Nitridation of sapphire is an important step for many approaches to growing Group III-nitrides. As such, there have been many studies of the nitridation of sapphire by molecular beam epitaxy (MBE) using ammonia, [1,2] an electron cyclotron resonance (ECR) plasma source, [3 ] or an rf-plasma source. [4,5,6] The chemical evolution of the nitridation layer has been studied by x-ray photoelectron spectroscopy (XPS) [4 ], indicating an initially increasing nitrogen signal which ultimately saturates. A wide range of times have been reported necessary in order to obtain a completely nitrided surface, from ten to twenty minutes for an ECR source to several hours with an RF source. This range of nitridation times can be adequately explained by the different reactivity of the various active nitrogen species. [5 ] After nitridation, some authors find a completely relaxed surface with a final lattice constant equal to that of AlN, [1,3 ] while others find a lattice constant consistently smaller than that of AlN. [6 ] The formation of an AlO1-xNx alloy has been invoked to explain the smaller lattice constant. However, AlO1-xNx formation is unlikely based on thermodynamic considerations, and is contradicted by an in-situ transmission electron microscopy study of nitridation. [7 ] Another consideration is the common observation of the nucleation of cubic grains at the epilayer-sapphire interface. Widmann et al. [6 ] have related this nucleation of cubic grains to nitridation conditions. In this paper, we present results which indicate that B contamination from an rf-plasma source may explain the latter two phenomena.
Two rf-plasma sources are used in our lab used to produce various active species of nitrogen for the nitridation of sapphire and growth of GaN. These sources are an Oxford Applied Research (Oxfordshire, England) CARS-25 source and an EPI Vacuum Products (St. Paul, MN) Unibulb source. The Oxford source features a removable pyrolytic boron nitride (PBN) liner and aperture plate. The EPI source contains the standard PBN Unibulb configuration with a 400-hole aperture
Nitridation experiments were performed in two separate systems. For chemical analysis of the evolution of the nitridation layer, nitridation was performed at 400 °C in a chamber connected to an Auger electron spectroscopy (AES) analysis system consisting of a Phi 545 Scanning AES Microprobe with Model 110A Cylindrical Electron Optics.
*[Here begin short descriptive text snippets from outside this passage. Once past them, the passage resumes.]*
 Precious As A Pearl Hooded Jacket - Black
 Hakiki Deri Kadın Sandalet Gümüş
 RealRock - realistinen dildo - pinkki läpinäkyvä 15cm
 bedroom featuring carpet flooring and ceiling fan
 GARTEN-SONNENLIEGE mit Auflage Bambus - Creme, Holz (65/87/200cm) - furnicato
Scans were performed with a 3 keV incident electron beam, a beam current of 2 μA and a nominal spot size of 3 μm. Reflection high energy electron diffraction (RHEED) measurements of the evolution of lattice constant with nitridation were performed in our MBE system, which has been described elsewhere. [9 ]
Evidence for Boron During Growth
We have published several studies detailing the characterization of the active nitrogen flux produced by our two rf plasma sources for various operating conditions. [8,9,10] During the characterization involving mass spectroscopy, we saw a small but persistent signal indicating that the sources were also producing boron. Subsequent secondary ion mass spectrometry (SIMS) analysis of GaN grown using these sources verified B production. Figure 1 shows typical SIMS measurements from GaN layers grown under standard conditions using both our Oxford (a) and EPI (b) source. A significant background of boron was detected in each case. The flux of B atoms listed was determined from the growth rate of the GaN and assuming 100% incorporation of B. These results are also consistent with levels of B detected in nitrogen-doping studies of ZnSe and CdTe. [10 ]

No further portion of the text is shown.